Every so often Mario, like a nervous, sweaty, uncomfortable dad sitting his kids down to give them "the talk," tries to teach us something. He doesn't like this, and neither do we. He feels that it's his obligation. And it's not that he teaches us about jump stamina or koopa murder. He does that all the time, and we all love it. No, no, no. Sometimes he tries to teach us other stuff. Like, real stuff.

There are several self-consciously educational entries in the long list of Mario games. Mario desperately tries to get your WPM count up so you can land some kind of halfway respectable job in Mario Teaches Typing. In Mario's Time Machine, instead of going back in the titular machine and killing Hitler (or at least Mussolini) like anybody with a soul and a time machine would do, Mario just goes on a painfully informative scavenger hunt.

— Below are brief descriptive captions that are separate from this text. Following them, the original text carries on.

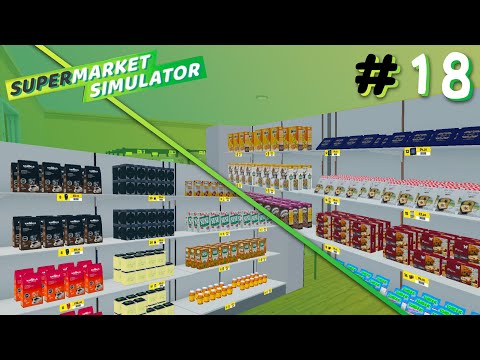 Видео: НАВЕЛ КРАСОТУ В МАГАЗИНЕ (НУ ПОЧТИ) | Supermarket Simulator #18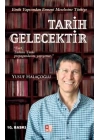 Tarih Gelecektir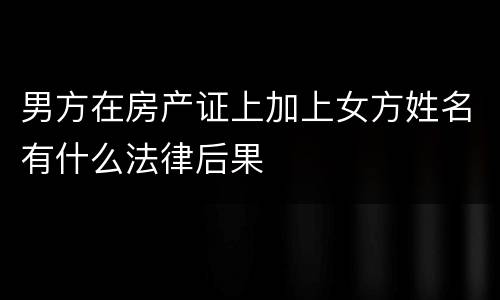 男方在房产证上加上女方姓名有什么法律后果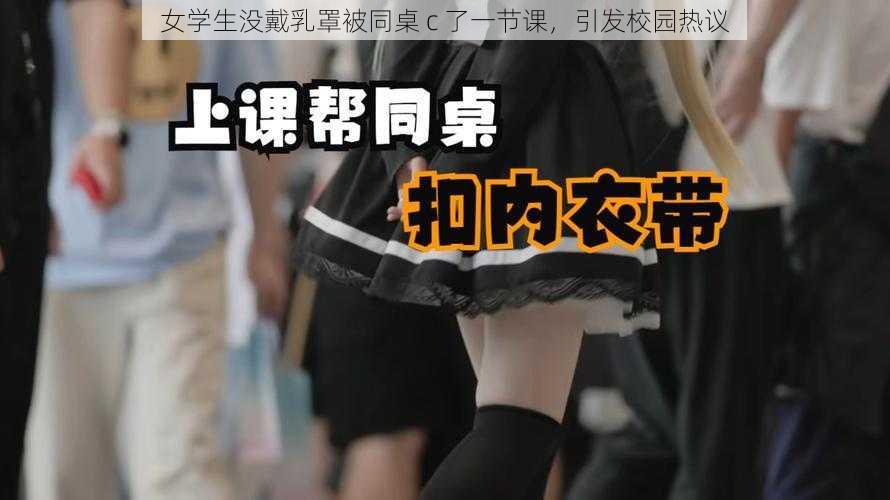 女学生没戴乳罩被同桌 c 了一节课,引发校园热议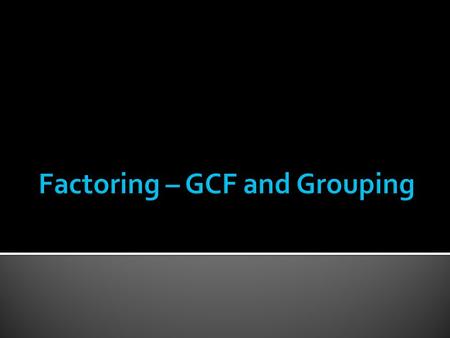 Factoring – GCF and Grouping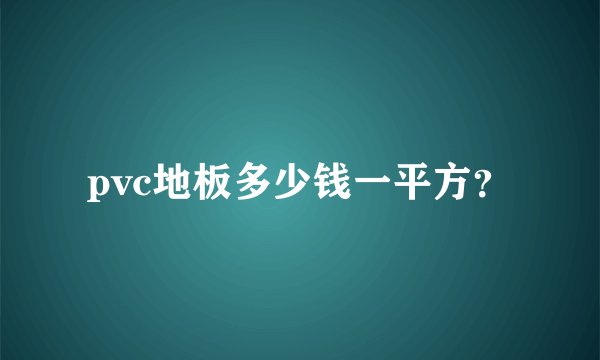 pvc地板多少钱一平方？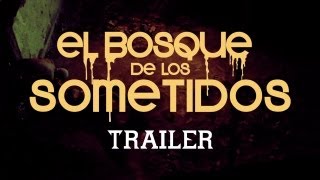 El bosque de los sometidos előzetes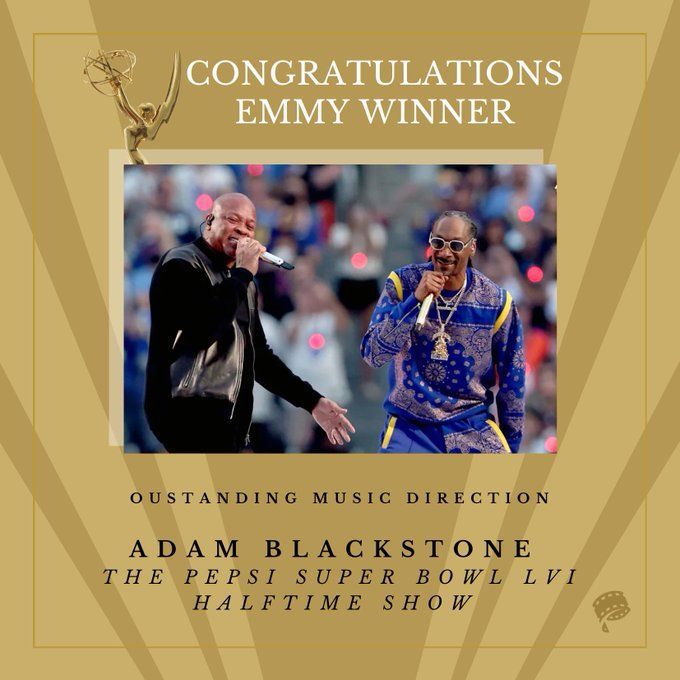 Television Academy on Twitter: For Outstanding Music Direction, the #Emmy  goes to @AdamBlackstone for The Pepsi Super Bowl LVI Halftime Show Starring  @DrDre, @SnoopDogg, @MaryJBlige, @Eminem, @KendrickLamar, and @50Cent  (@NBC)! ✨ #Emmys #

Perhaps there will be a time when we discuss more in depth those two attempts to educate gamers using Mario lore as a cover. But right now, we're going to focus on the SNES version of Mario is Missing!

Mario is Missing! is essentially an hours-long lecture about geography and world history given by Luigi. If you completed this game as a child, you either had an immense yearning to become an anthropologist at an early age or you had a gun to your head. You do have to hand it to Mario is Missing!, though -- it did teach us a lot. Sometimes it taught us things it wasn't even trying to teach us.